With pictures left out, set down exactly the lines from the line containing "Vintage Creative Gifts" through the last line of the data.

[[ Record extracts, beginning ]]

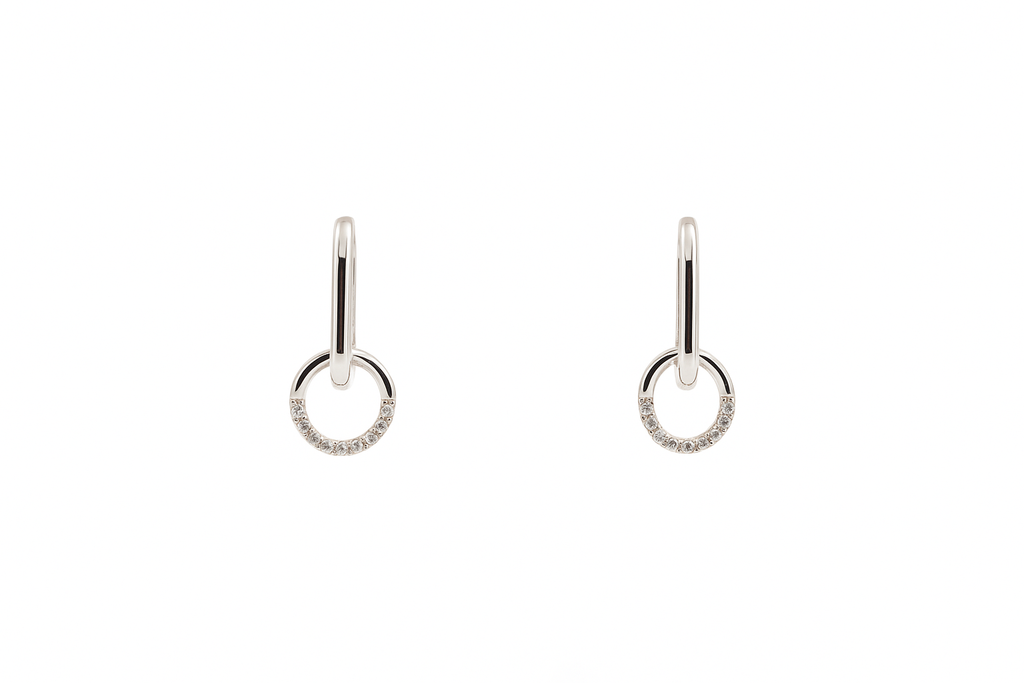 Silver Double Ring Moissanite Earrings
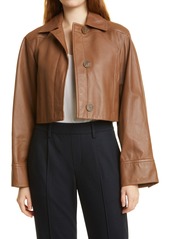Vince Women's Crop Leather Jacket in Fawn at Nordstrom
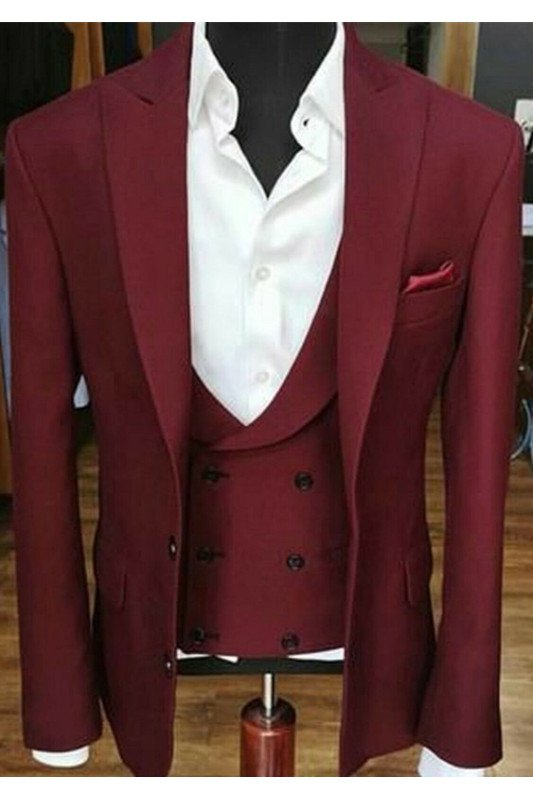 Ruby Peak Lapel 3-Piece Wedding Suit | Chic Prom Suits Tuxedo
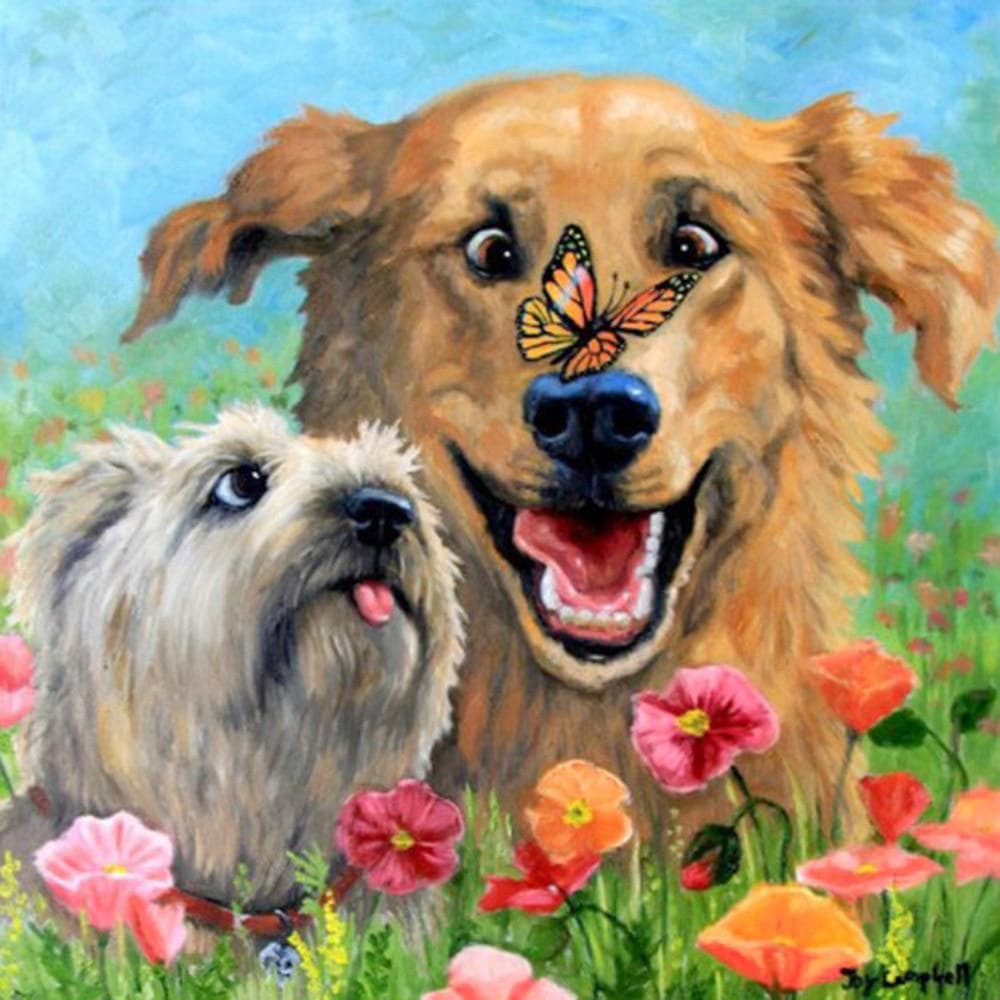 Diy 5d Diamond Painting Dogs and Flower Handmade Cross Stitch Kits Diamond Embroidery Patterns Rhinestones 30X30CM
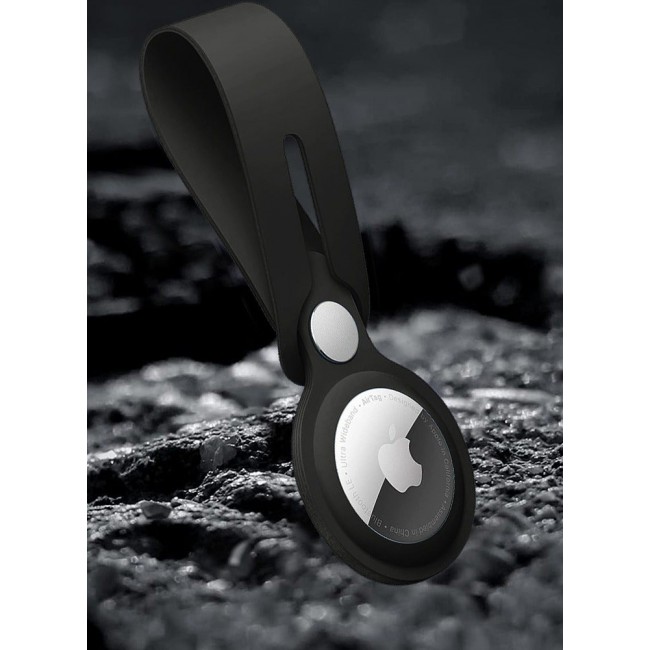 CATANES Airtag Case with Key Ring And Rubber anti-drop Keychain device Black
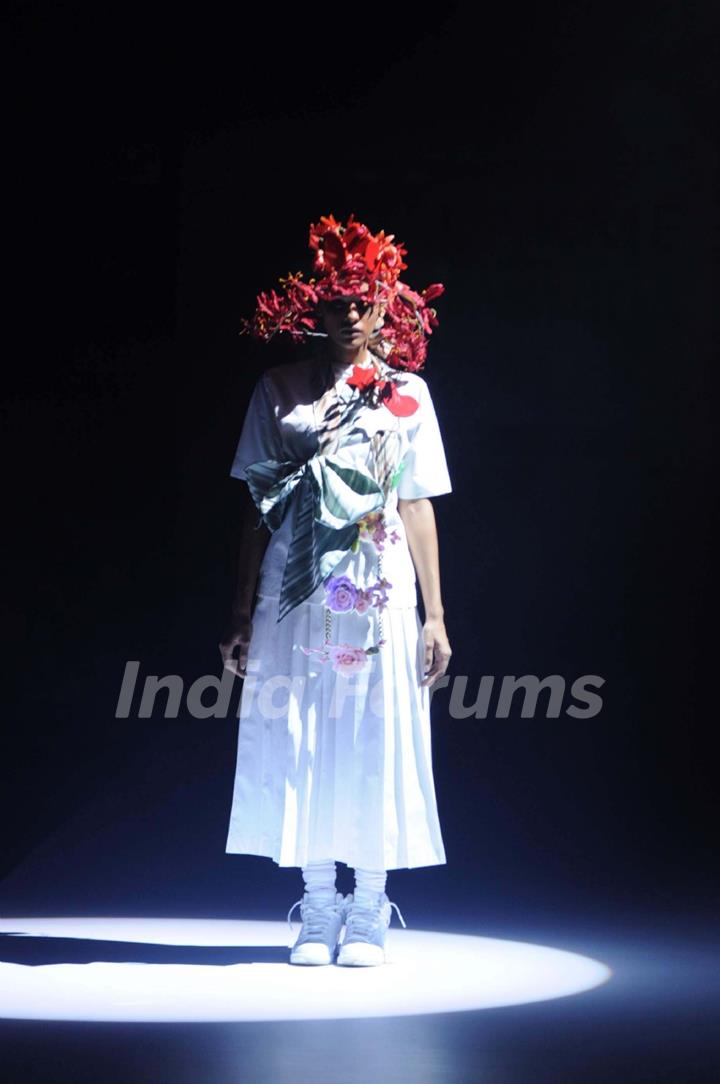 A model displays designer Little Shilpa's creations during the Lakme Fashion Week day 2 in Mumbai. .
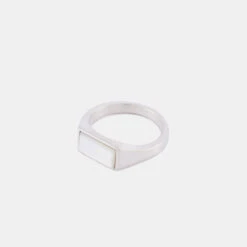 Silver Mother Of Pearl Rectangle Ring 14 Silver Mother Of Pearl Rectangle Ring -SERGE DENIMES Shop Silver Mother of Pearl Rectangle Ring Product Shot 3 Grey 74bed7ca 5f3d 498b bc72 f6b4b2fe56fe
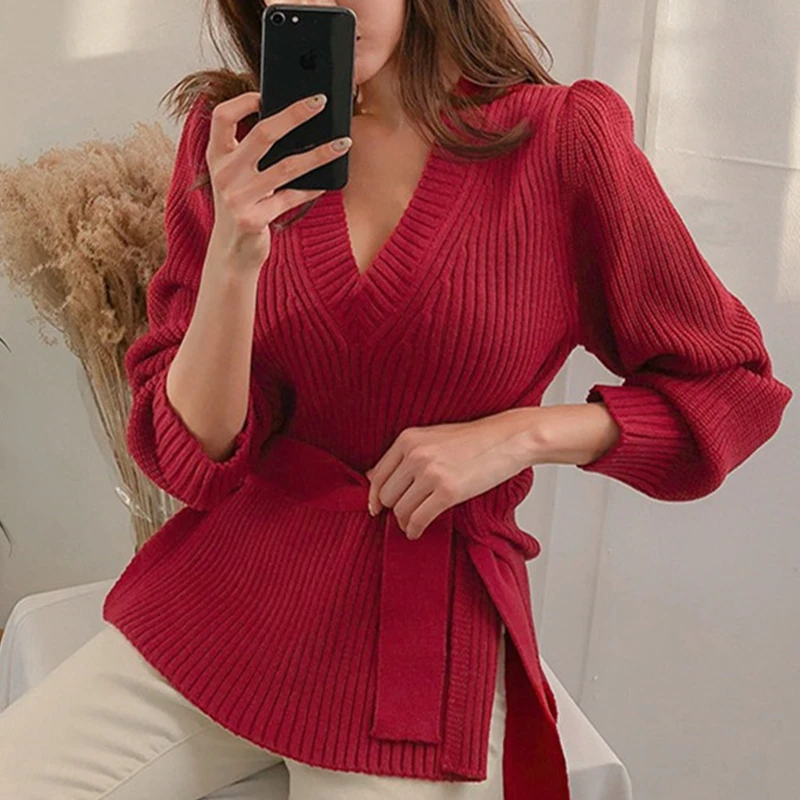 Flectit женские v-образным вырезом свитер с поясом буфами на рукавах пуловер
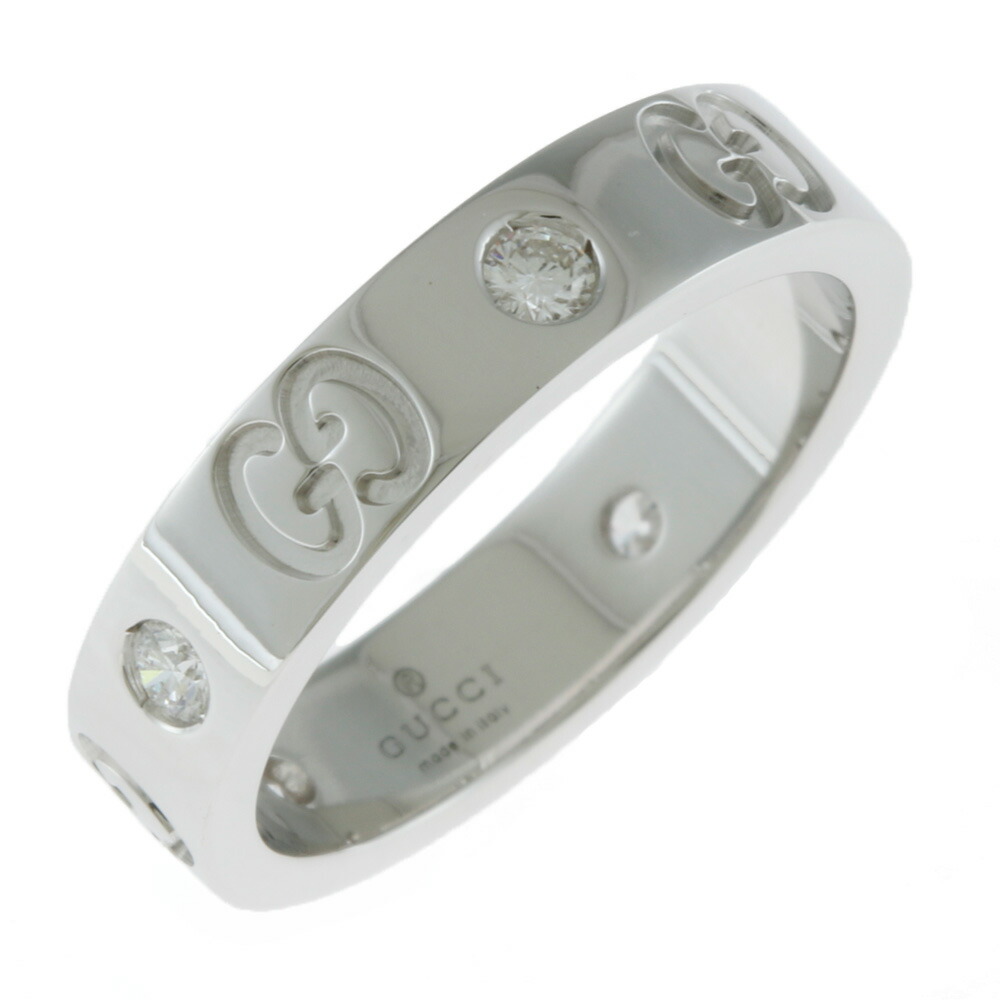 安い 中古 Gucci グッチ K18wg リング 指輪 アイコン ダイヤモンド5p 7 7号 シルバー レディース かわいい おすすめ ギフト プレゼント 18金 K18ホワイトゴールド Sh Bj Bim 偉大な Scb Createmedia Group Com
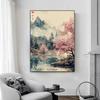 Japanese Vintage Posters Crane Mount Fuji Prints Lake Fishing Lotus Flower Canvas Painting Wall Pictures Home Living Room Decor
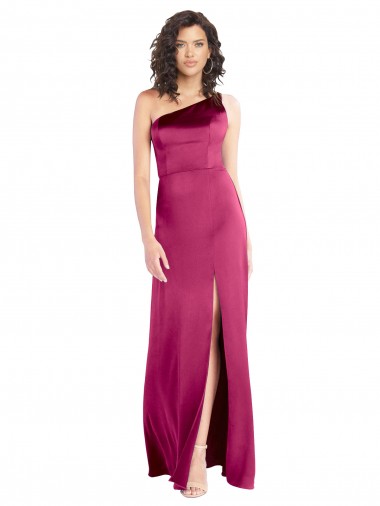 Purchase Long Sleeveless One Shoulder A-Line Stretch Satin Open Back Evening Dress Canada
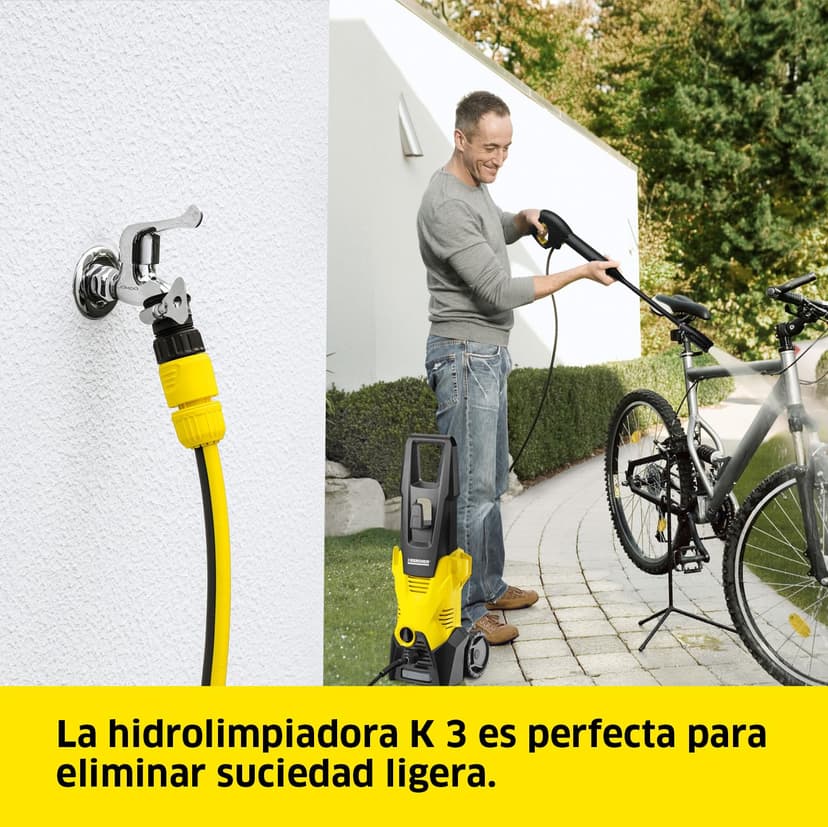 Kärcher Nettoyeur Haute Pression K 3, Pression : Max. 120 Bar, Débit : 380 l/h, Surface : 25 m²/h, Filtre à Eau, Poids : 6 kg, Flexible et Pistolet Haute Pression, Rotabuse, Lance - 2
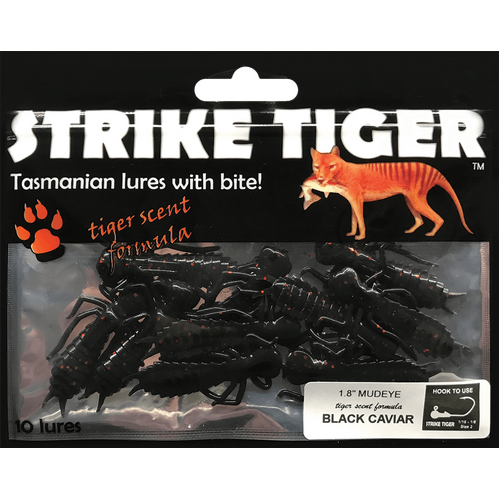 Strike Tiger 1.8 Mudeye Soft Plastic Fishing Lure #Black Caviar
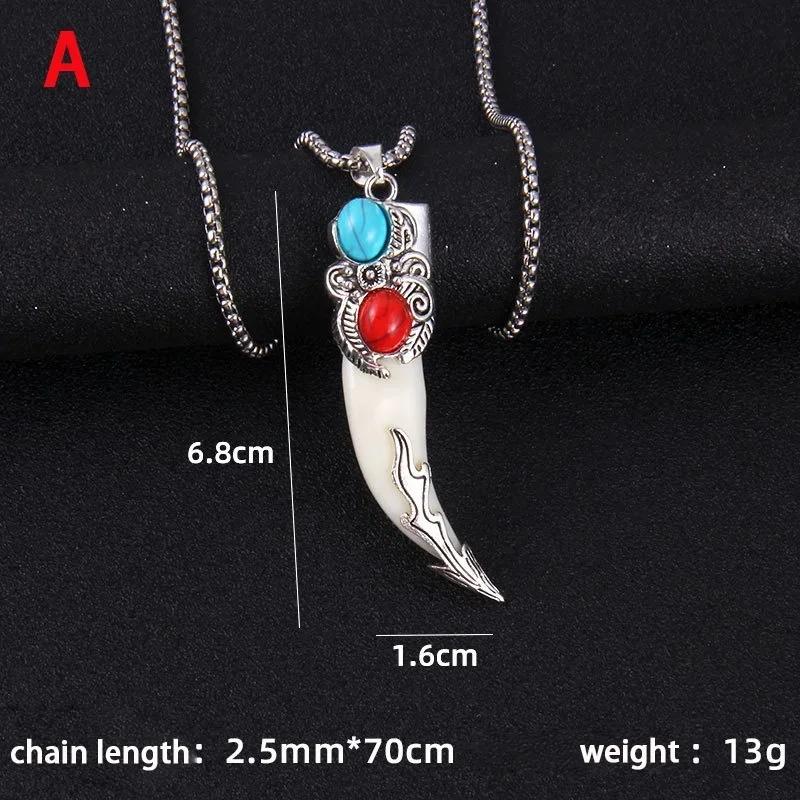 Vintage Creative Gifts Wolf Pendant Titanium Steel Necklace Teeth Set True Tibetan Mastiff Teeth Trendy Personality Jewelry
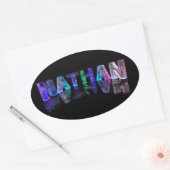 3D照明におけるネイサンの名前（写真） 楕円形シール (封筒)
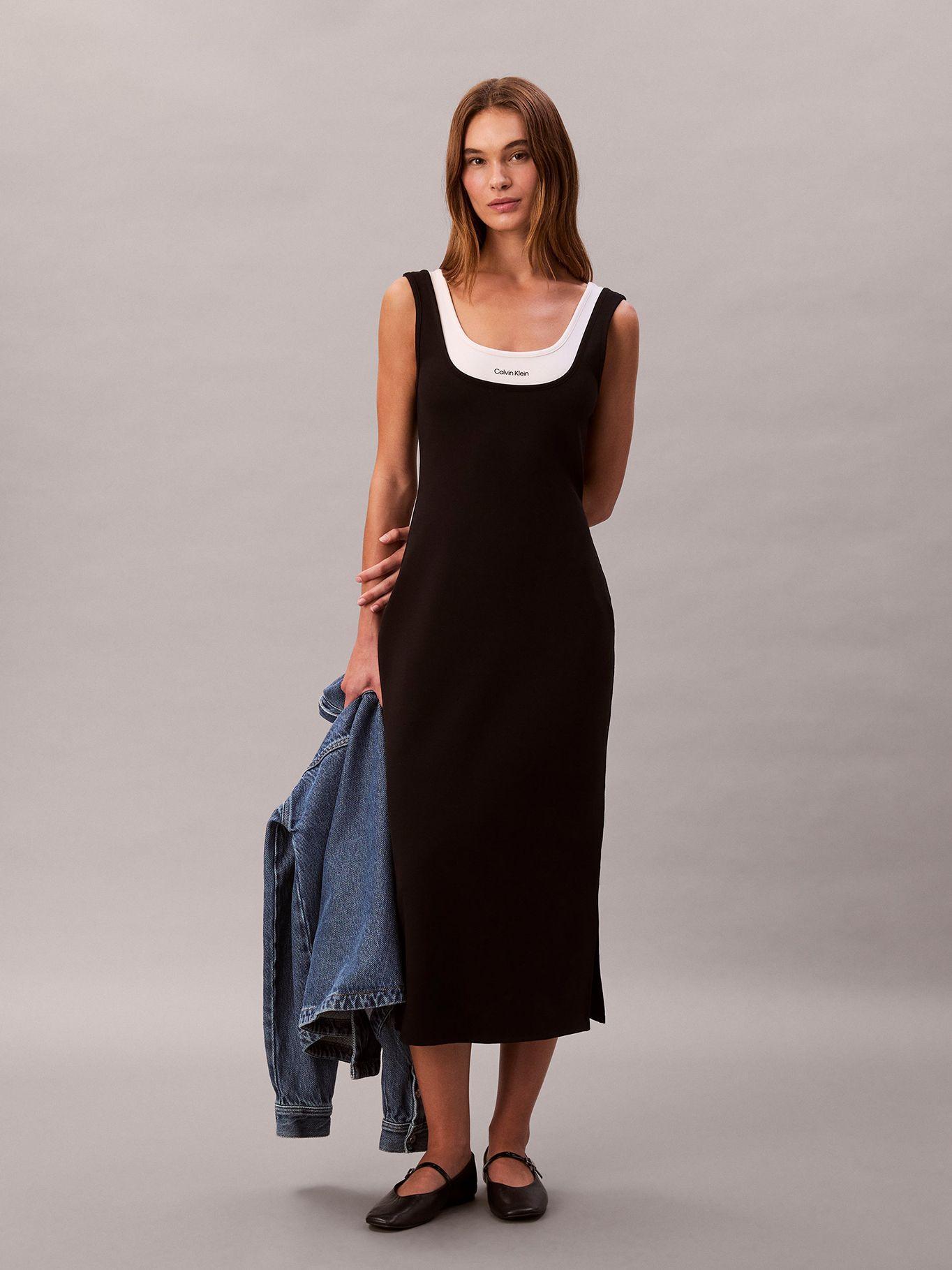 Vestido Midi Interlock Negro Calvin Klein-0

[[ Record extracts, end ]]

**Exercise answer**
 Vintage Creative Gifts Wolf Pendant Titanium Steel Necklace Teeth Set True Tibetan Mastiff Teeth Trendy Personality Jewelry
 3D照明におけるネイサンの名前（写真） 楕円形シール (封筒)
 Vestido Midi Interlock Negro Calvin Klein-0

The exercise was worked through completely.